### What you are asked to do
Copy the listing below in full and skip every picture.

### Given information
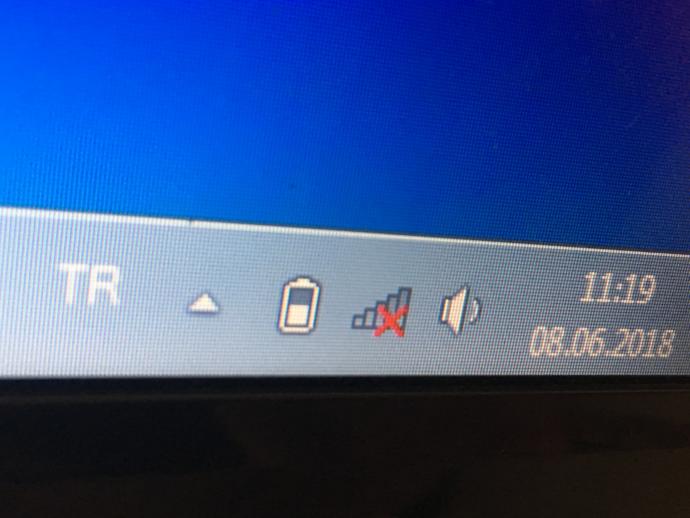 İnternete bağlanmıyor?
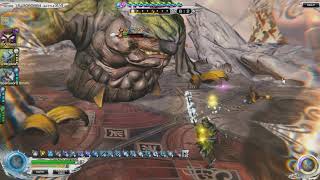 Mobius Final Fantasy [GL]. Endless War 4: 120 [10-12]. Scharfrichter + Xezat + Bhunivelze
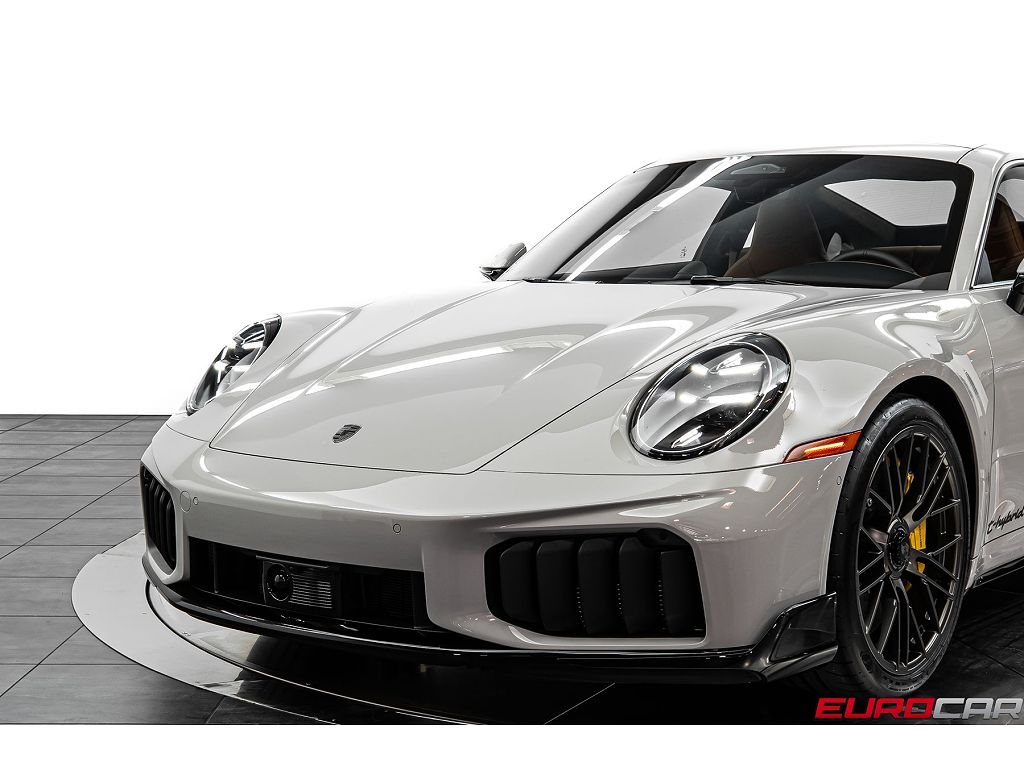 2026 Porsche 911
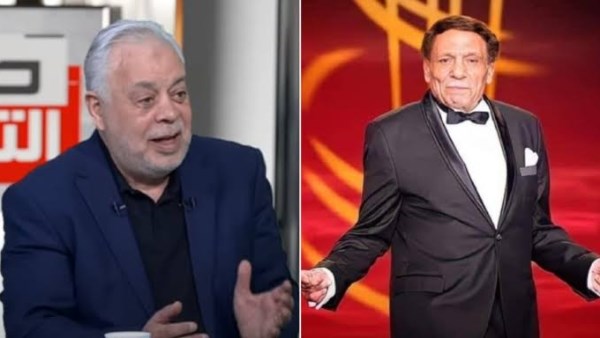 كله كذب.. أشرف زكي ينفي تعرض عادل إمام لوعكة صحية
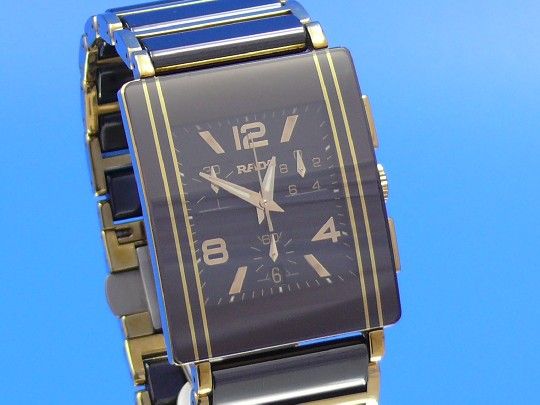 RADO Intregral Chronograph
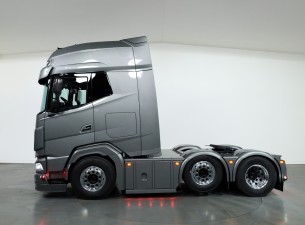 2024 DAF XG+ Showtruck 530 FTG 6X2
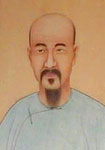 孔尚任 头像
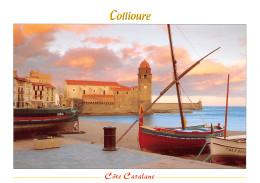 66-COLLIOURE-N°3802-A/0077 - Collioure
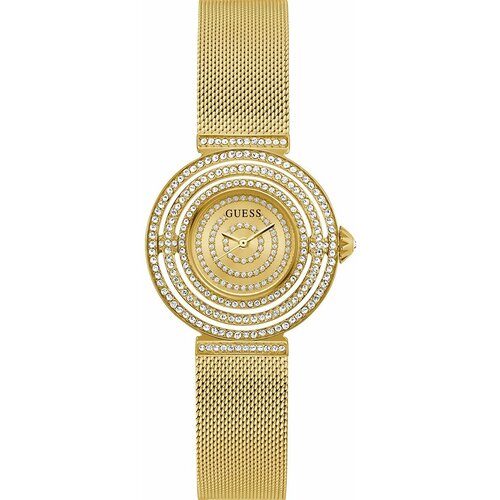 Наручные часы GUESS Женские наручные часы GUESS GW0550L2, золотой, желтый (желтый/золотистый) - изображение №1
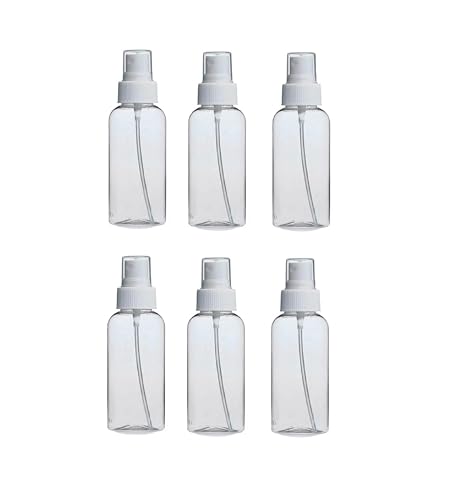 Bracop 6-teilige Sprühflasche UH-SPRAY-BOTTLE-1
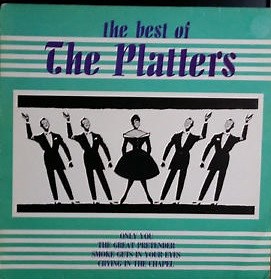 The Platters - The Best Of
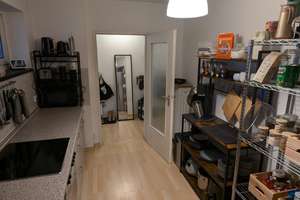 Untermiete für 3 Monate: 2-Zimmer-Wohnung in Maxvorstadt/Schwabing-West, München – Nordendstraße 23, 80801 Neuschwabing, München – Vorschaubild 5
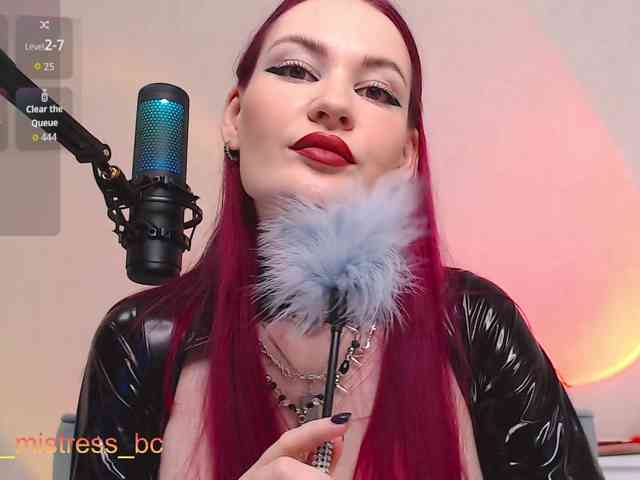 Yes_Mistress webcam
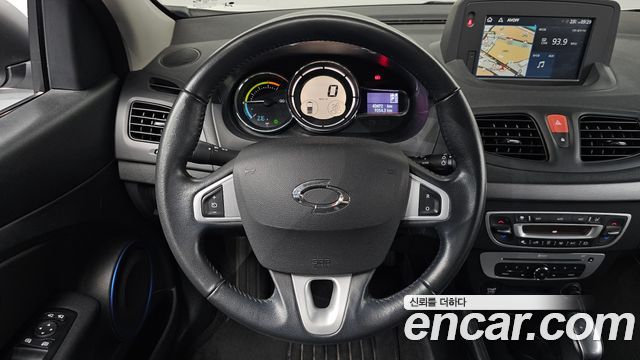 Renault Korea SM3 2020 — photo 13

### Solution for this problem
 İnternete bağlanmıyor?
 Mobius Final Fantasy [GL]. Endless War 4: 120 [10-12]. Scharfrichter + Xezat + Bhunivelze
 2026 Porsche 911
 كله كذب.. أشرف زكي ينفي تعرض عادل إمام لوعكة صحية
 RADO Intregral Chronograph
 2024 DAF XG+ Showtruck 530 FTG 6X2
 孔尚任 头像
 66-COLLIOURE-N°3802-A/0077 - Collioure
 Наручные часы GUESS Женские наручные часы GUESS GW0550L2, золотой, желтый (желтый/золотистый) - изображение №1
 Bracop 6-teilige Sprühflasche UH-SPRAY-BOTTLE-1
 The Platters - The Best Of
 Untermiete für 3 Monate: 2-Zimmer-Wohnung in Maxvorstadt/Schwabing-West, München – Nordendstraße 23, 80801 Neuschwabing, München – Vorschaubild 5
 Yes_Mistress webcam
 Renault Korea SM3 2020 — photo 13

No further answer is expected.